_EXERCISE AIM_
Will you write out, word for word, every line from the one with "Faded Black Dressed" to the final line of the data below, with the pictures left out?

_DATASET EXCERPT_
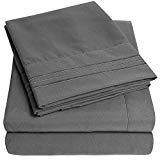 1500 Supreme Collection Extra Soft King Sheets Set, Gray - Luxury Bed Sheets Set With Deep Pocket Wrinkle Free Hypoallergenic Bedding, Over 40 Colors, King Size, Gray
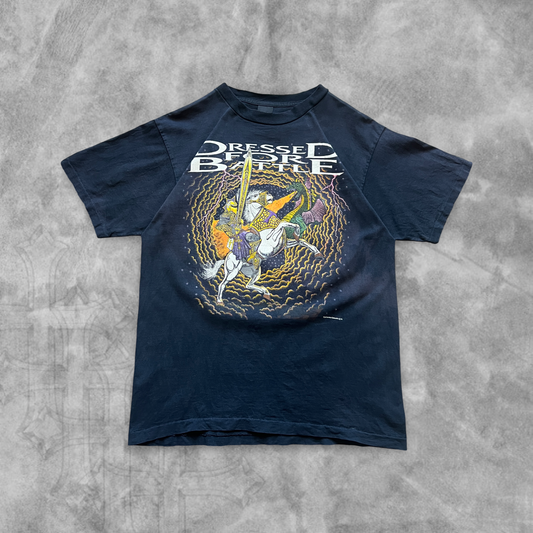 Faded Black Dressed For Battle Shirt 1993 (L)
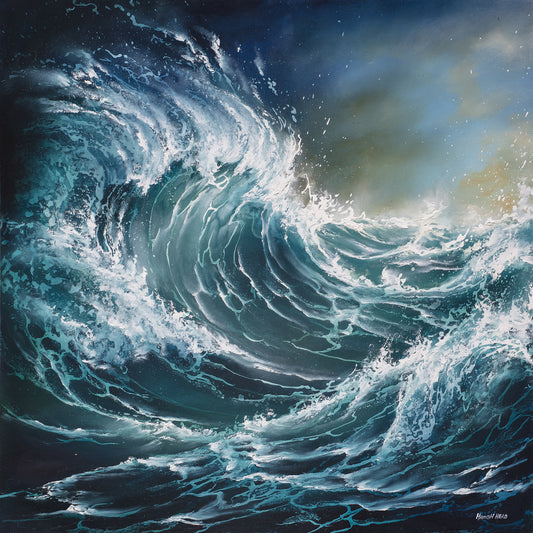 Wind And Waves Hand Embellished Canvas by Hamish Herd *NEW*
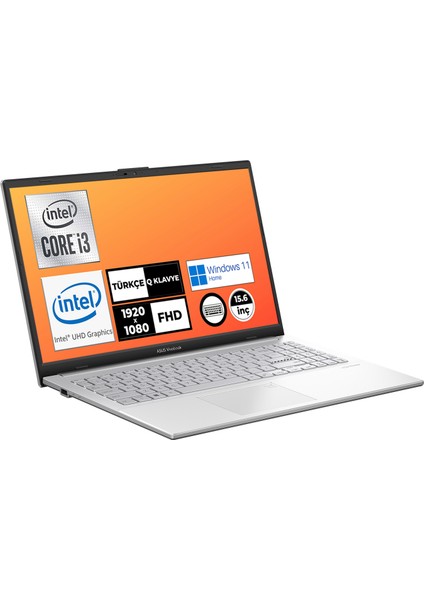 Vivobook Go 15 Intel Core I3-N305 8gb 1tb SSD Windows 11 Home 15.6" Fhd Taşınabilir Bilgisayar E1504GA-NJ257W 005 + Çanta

_FINAL ANSWER_
 Faded Black Dressed For Battle Shirt 1993 (L)
 Wind And Waves Hand Embellished Canvas by Hamish Herd *NEW*
 Vivobook Go 15 Intel Core I3-N305 8gb 1tb SSD Windows 11 Home 15.6" Fhd Taşınabilir Bilgisayar E1504GA-NJ257W 005 + Çanta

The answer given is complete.